Soit, pour la plus grande part : une guirlande de discussions pseudo-cryptées sous-godardiennes, tressées avec des échanges amoureux lorgnant vaguement vers Garrel. Concrètement, Dumont enchaîne les distinctions oiseuses et faussement subtiles (« je veux être avec toi mais pas vivre avec toi » ; « Ton intérieur est cinématographique mais ton extérieur est numérique » – lol), pendant que Preiss, quand elle n’écoute pas sagement la leçon, cherche la prise de tête (« Moi je me préoccupe de tes envies, j’attends que tu finisses ta clope avant de dîner alors que j’aimerais dîner tout de suite »). Ça devrait finir avec trois claques, mais quitte à faire le voyage, Dumont en profite pour faire le prof de philo (« Manipuler c’est beau, ça veut dire prendre dans ses mains » ; « C’est bien le doute, moi je doute de ton amour, pourquoi les gens se disent tout le temps je t’aime ? parce qu’ils sont inquiets ») quand il ne donne pas dans le cours de ciné.
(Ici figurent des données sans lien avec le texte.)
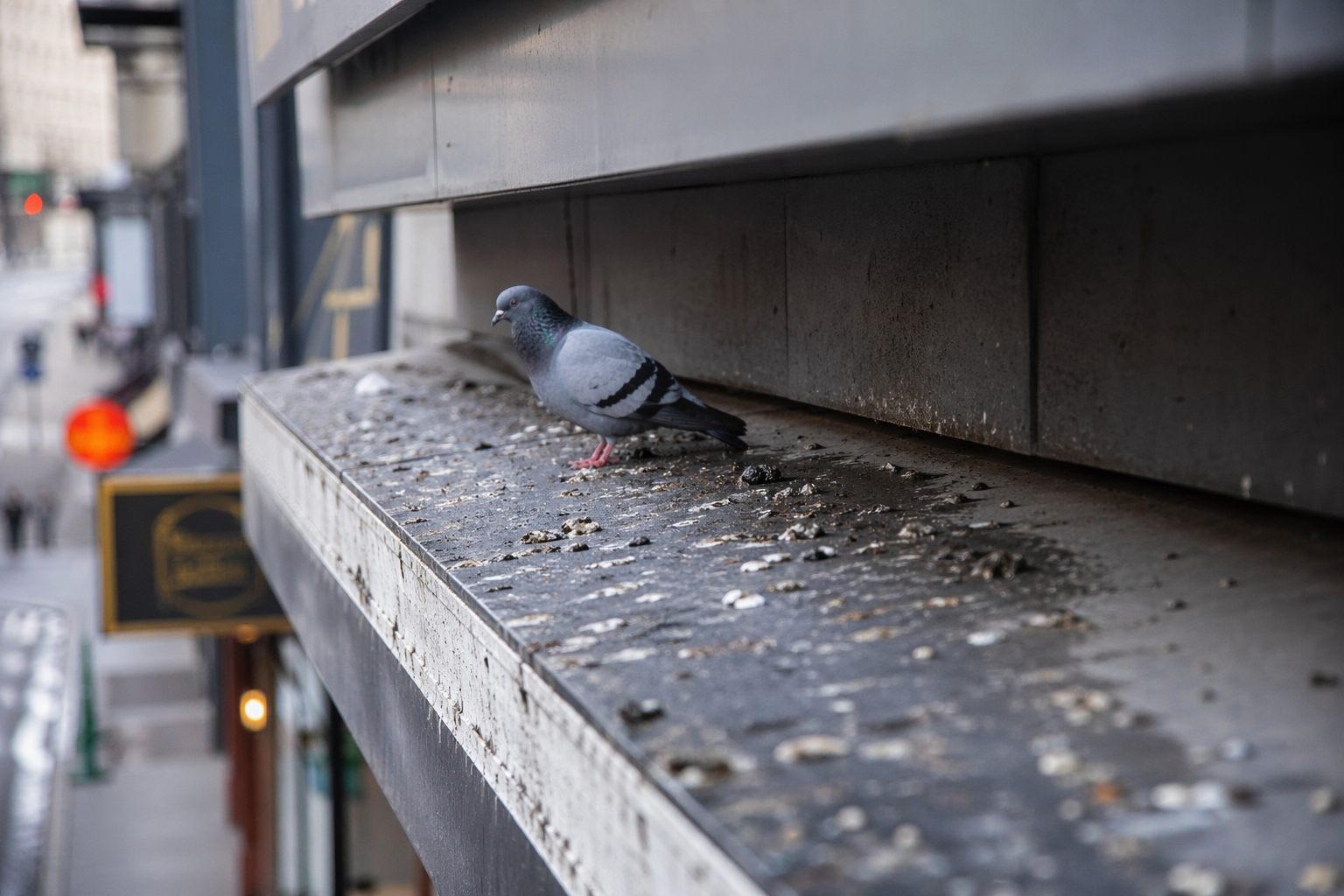 Fientes de pigeon sur une façade de bâtiment professionnel avec un pigeon posé sur un rebord en milieu urbain
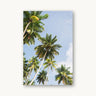 Reaching - fine art adventure photography print from Ben Gamlin - available at Middles Creative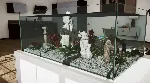 ⭐Aquarium in Cafe XBOX⭐На Любой аккаунт⭐ - irongamers.ru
Parfois pourtant, le film fonctionne un peu, malgré lui, quand faute d’avoir atteint le secret d’un couple et d’une intimité, on récupère ce qui est au fond son vrai sujet : l’insignifiance, grande gagnante de l’histoire. Par exemple quand Preiss allume la caméra par désoeuvrement, ou que Dumont la filme nue, endormie ou ivre (on craint à un moment le « t’es belle quand t’es en colère ») et qu’elle fait mine de ne pas se savoir filmée, surjouant le naturel. C’est bien d’ailleurs dans ces trois situations-là (nudité, sommeil, ivresse), les plus prétendument naturelles, que le film revendique le plus tragiquement la spontanéité qu’il ne trouve jamais, faute de s’en donner les moyens. Plus tard, dans une épicerie, Preiss hésite à acheter une pomme rouge ou une pomme jaune. Finalement elle choisit une poire et c’est une des meilleures scènes du film. Plus loin, elle rame pour comprendre ce que veut le chauffeur de taxi qui ne parle pas un mot d’anglais : on est traversé là par un vrai vertige, presque un plaisir, qui est celui que l’on peut prendre devant le puits sans fond de l’insignifiance. Le plan le plus vrai, à ce titre, reste celui de Preiss filmée par Dumont, endormie, les seins à l’air et la bouche ouverte. Plan drôle et terrifiant à la fois, tant il laisse l’impression qu’elle est sur son lit de mort, ou qu’elle dort juste, non comme une belle endormie, mais comme on dort tous la plupart du temps : comme une gogole, authentique et spontanée.